Task statement:
Shown below is a listing with pictures; reproduce exactly, and only, the lines between the ones containing "A historic site" and "Building Photo - 306 W 51st St", inclusive, leaving the pictures out.

Records:
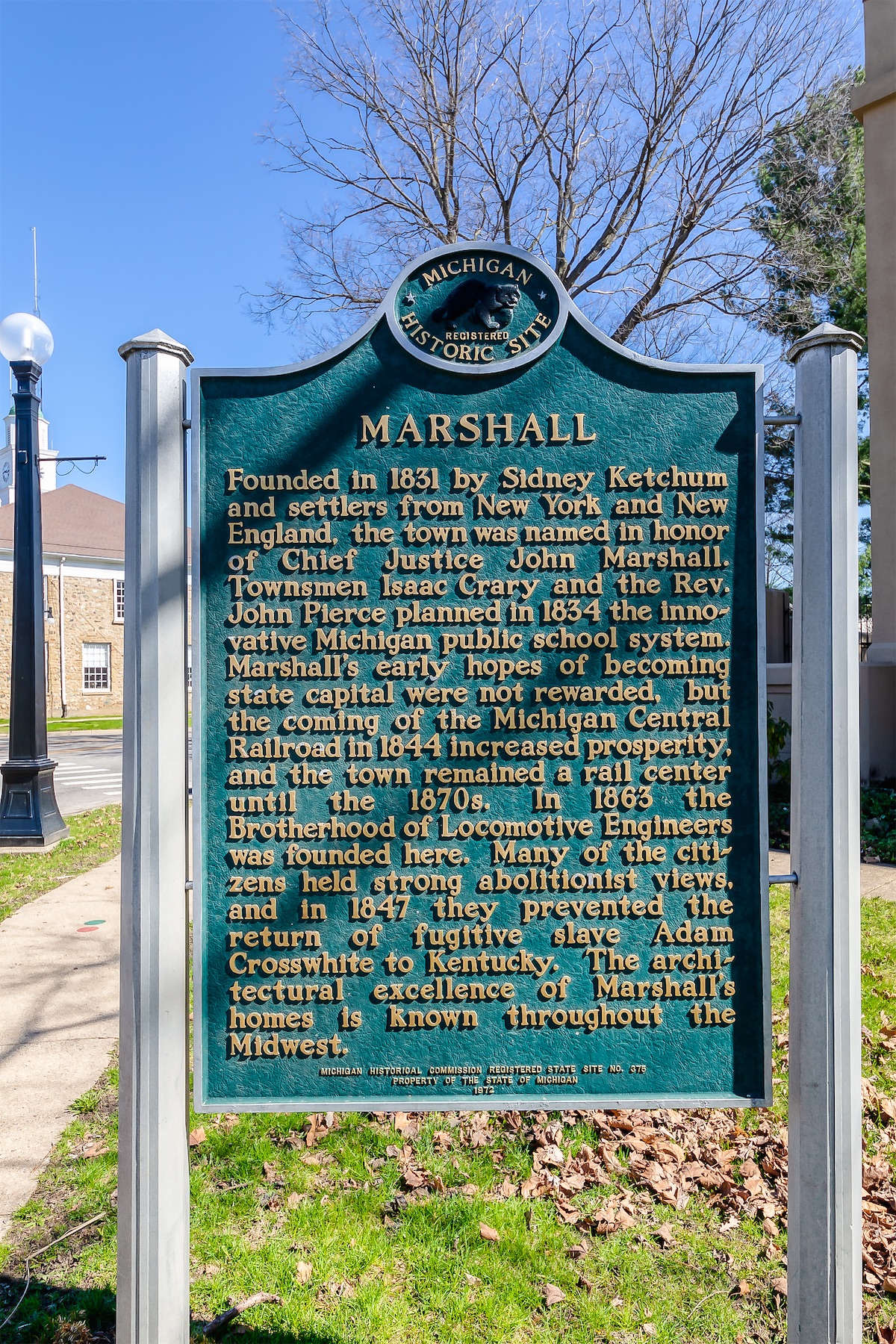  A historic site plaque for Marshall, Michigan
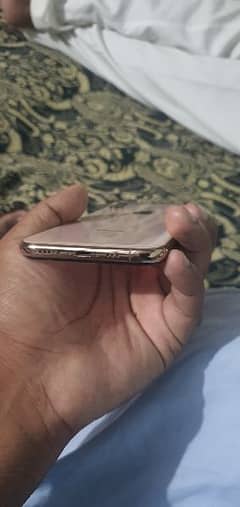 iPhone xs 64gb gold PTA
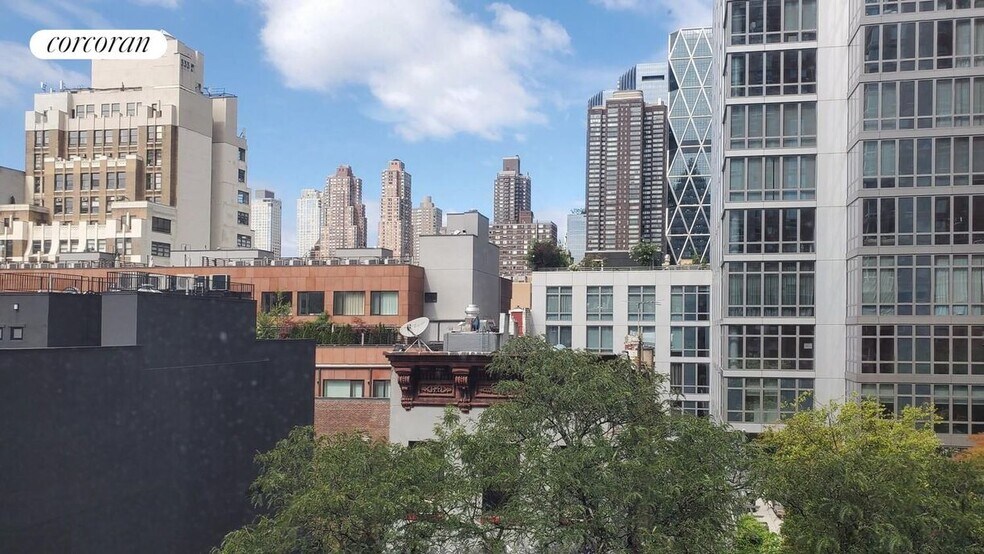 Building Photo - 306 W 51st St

---

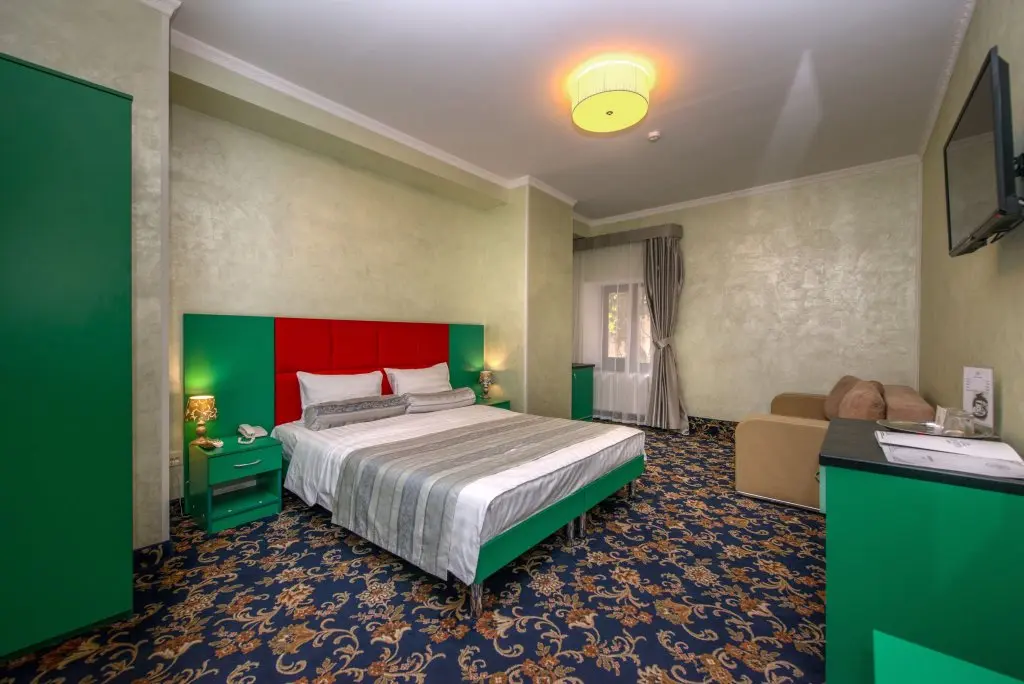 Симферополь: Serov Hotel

==

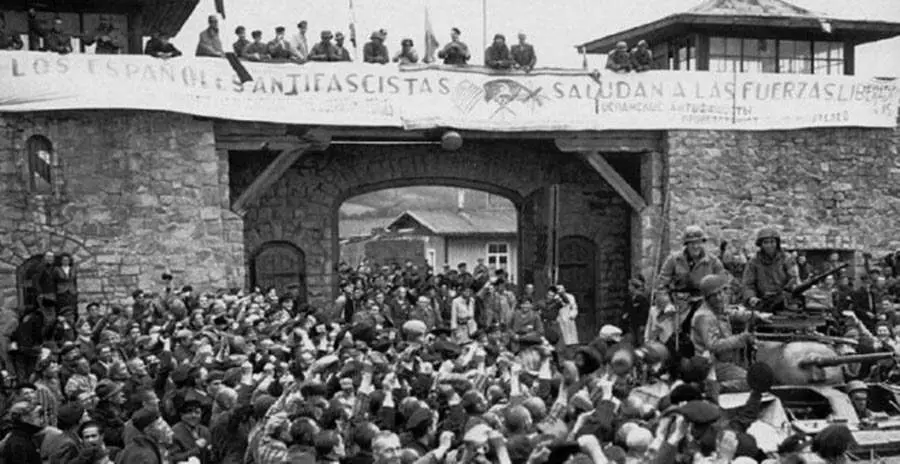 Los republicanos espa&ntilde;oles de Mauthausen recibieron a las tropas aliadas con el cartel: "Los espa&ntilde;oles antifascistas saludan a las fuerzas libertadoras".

Exercise result:
  A historic site plaque for Marshall, Michigan
 iPhone xs 64gb gold PTA
 Building Photo - 306 W 51st St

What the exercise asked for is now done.